# The Bethe Ansatz

#### Solution of the quantum inverse problema.me.sqip

Until now, we have thus managed the first two steps needed to obtain correlation functions within the framework of the Algebraic Bethe Ansatz, namely: we can construct our eigenstates, and normalize them properly.

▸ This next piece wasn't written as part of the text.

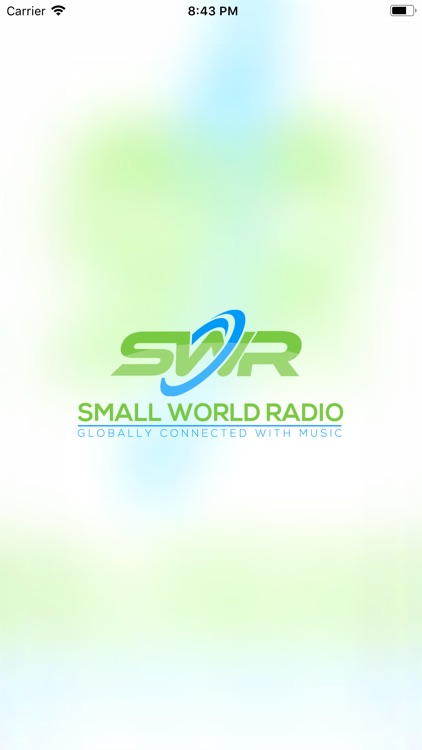 Small World Radio
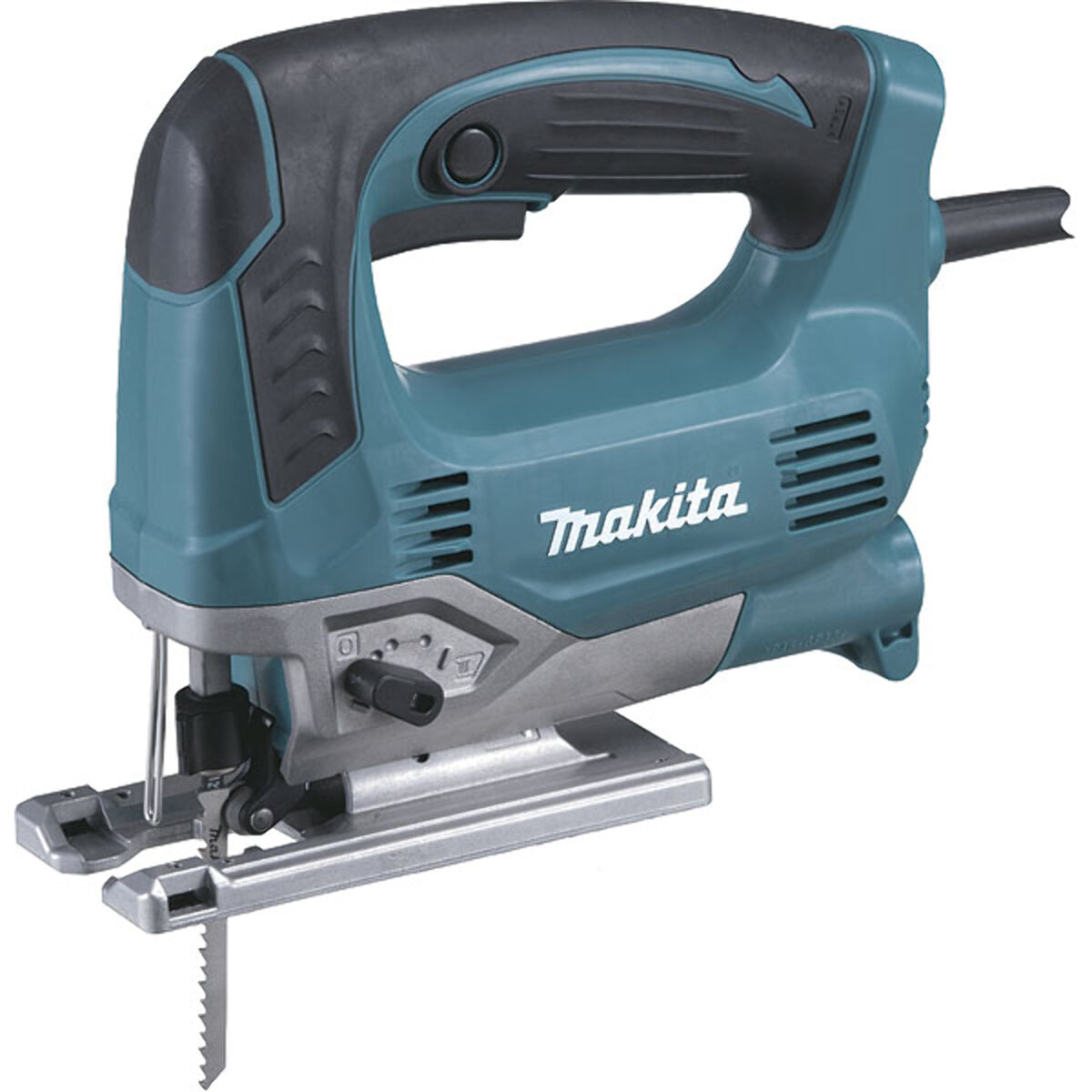 Sierra caladora MAKITA 650W en maletin MAK-PAC - JV0600J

However, the relationship between the operator entries of the monodromy matrix and local spin operators of the spin chain remains obscure at this stage. This problem is known as the quantum inverse problem, and we here present its solution.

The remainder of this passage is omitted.